After the Assyrian commander besieging Jerusalem intimidates Judah, Hezekiah goes to the temple and sends his officials to Isaiah.  He reassures them that the Assyrians will leave without harming them.  This happens, and the commander sends a threatening letter before he departs.  Hezekiah pleads with God over it, and Isaiah prophesies again that Assyria won't enter.  That night, God kills 185,000 in the Assyrian army.  The king goes home and is assassinated by his sons.

Hezekiah gets sick and Isaiah says he will die.  Hezekiah weeps, and before Isaiah leaves the palace God sends him back to say he will be healed and have 15 more years of life.  Hezekiah asks for a sign, and the shadow on his steps reverses itself.

Babylonian emissaries bring gifts to Hezekiah, and he shows them his treasure.  Isaiah hears of it and prophesies Judah's fall to Babylon - Hezekiah's own sons will become exiles and eunuchs there.  Hezekiah shrugs, since it won't affect him.  He dug a tunnel to bring water into the city during siege.  [It is there to walk through to this day!]
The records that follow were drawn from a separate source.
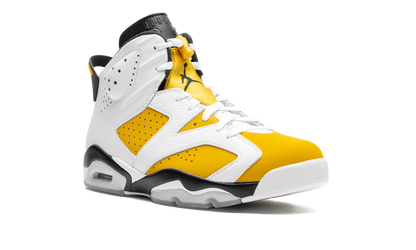 Air Jordan 6 Yellow Ochre CT8529 170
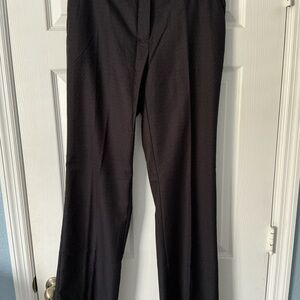 Worthington Black Women's Dress Trousers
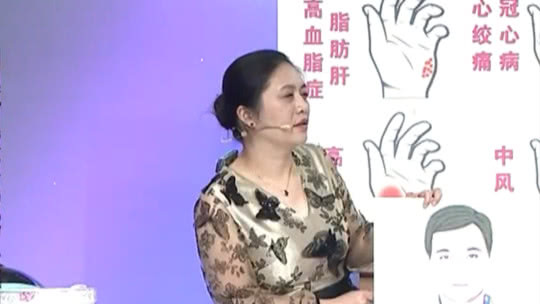 X诊所. 第六脏里的健康密码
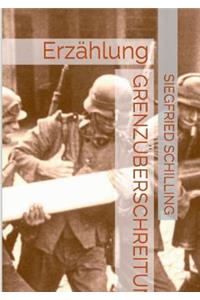 Grenzüberschreitung: Erzählung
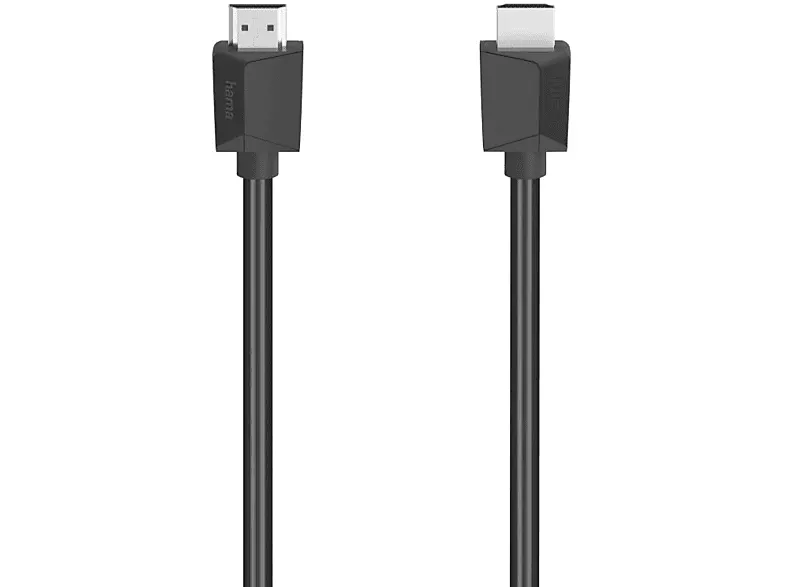 Kabel HAMA High Speed HDMI - 4K Ethernet 3m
Manasseh, Hezekiah's son, reigns for 55 years, and undoes all Hezekiah's reforms for God, and worships Canaanite gods.  He sacrificed his son to them, and set up an Asherah pole [a phallic symbol] in the temple of God.  He shed much innocent blood [child sacrifice to gods endorsed].  Prophets pronounce Judah's doom for this.  Amon, Manasseh's son, reigns for two years, is wicked and is assassinated.  The people execute his assassins and put his son Josiah on the throne.

How this is about Jesus
He prophesies the siege and overthrow of Jerusalem, too, mentioning an abomination in the temple.

Hezekiah is one of a very short list of men who knew when they were going to die.  It didn't help him live any better, it seems.  His son born during the extended time is wicked, and he doesn't care much about future generations.  All this after his great reforms for the Lord earlier!

21 - Manasseh's sins are much like ours today: sexual indecency and abortion (children sacrificed to gods of pleasure and fertility).  Shedding innocent blood like abortion was the trigger that brought on God's judgment.